- _Your objective_
Print, please, exactly the lines from the one with "Đề xuất bố trí" through the final line of the data below, with both ends included and the pictures left out.

- _Information supplied_
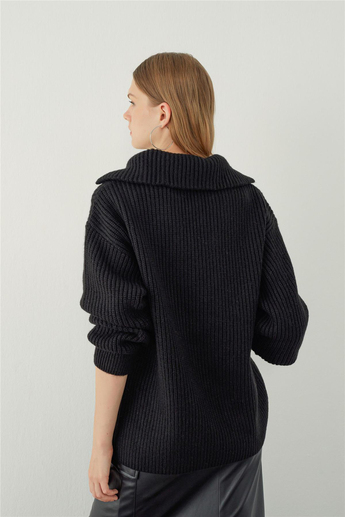 Polo neck low-cut knitted sweater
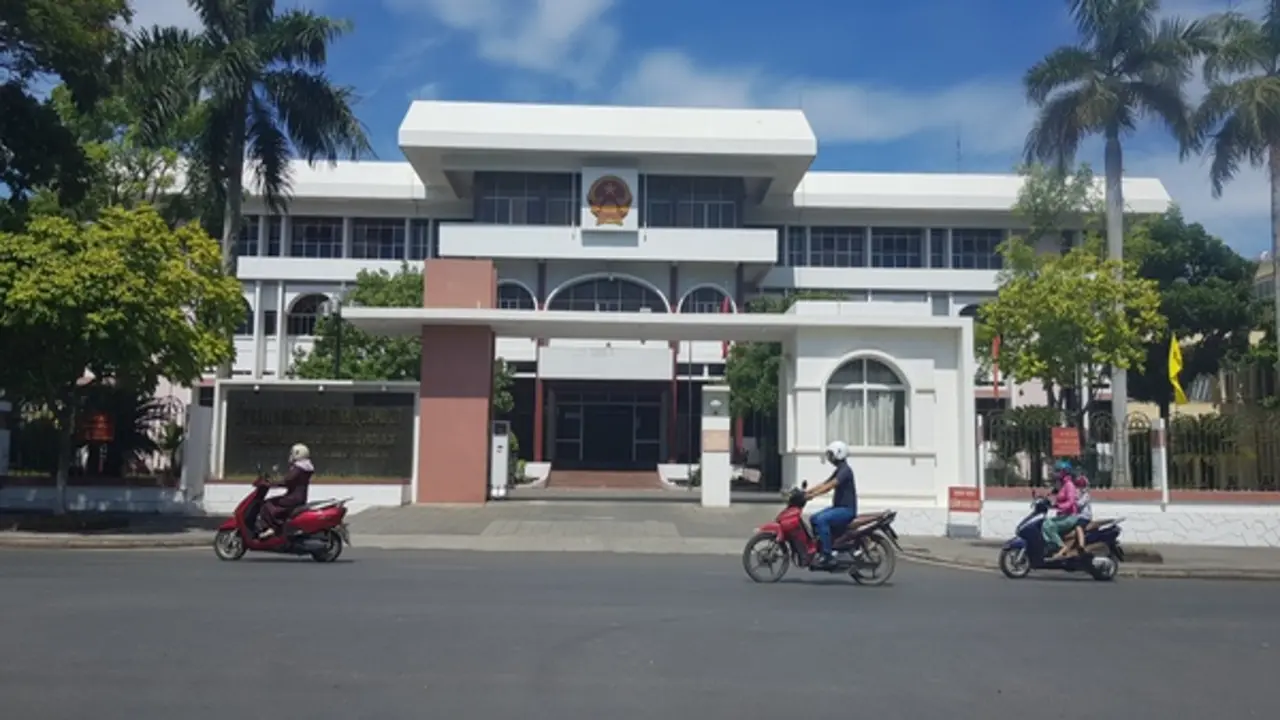 Đề xuất bố trí 230 cán bộ tỉnh làm việc tại trụ sở phía nam Quảng Trị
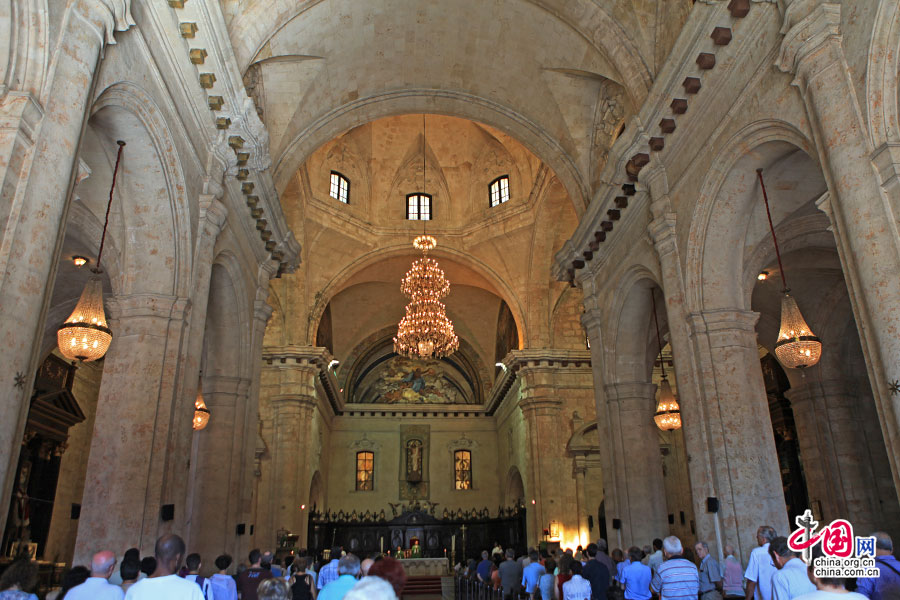 教堂内部巴洛克式的拱廊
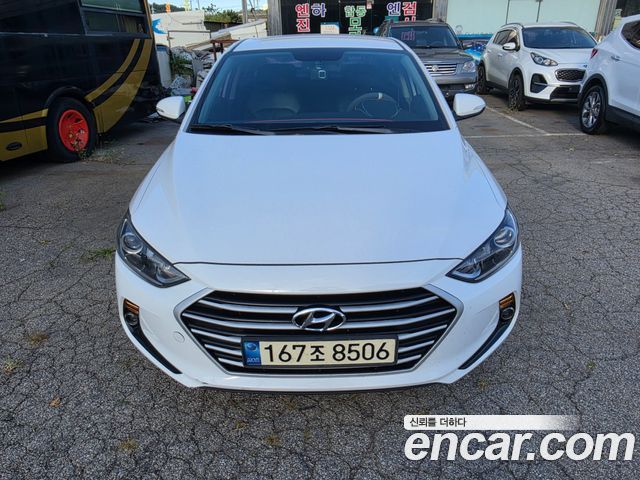 Hyundai AVANTE 1.6 GDI Value Plus — пробег 262 500 км — фото 1 из 5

- _Exercise response_
 Đề xuất bố trí 230 cán bộ tỉnh làm việc tại trụ sở phía nam Quảng Trị
 教堂内部巴洛克式的拱廊
 Hyundai AVANTE 1.6 GDI Value Plus — пробег 262 500 км — фото 1 из 5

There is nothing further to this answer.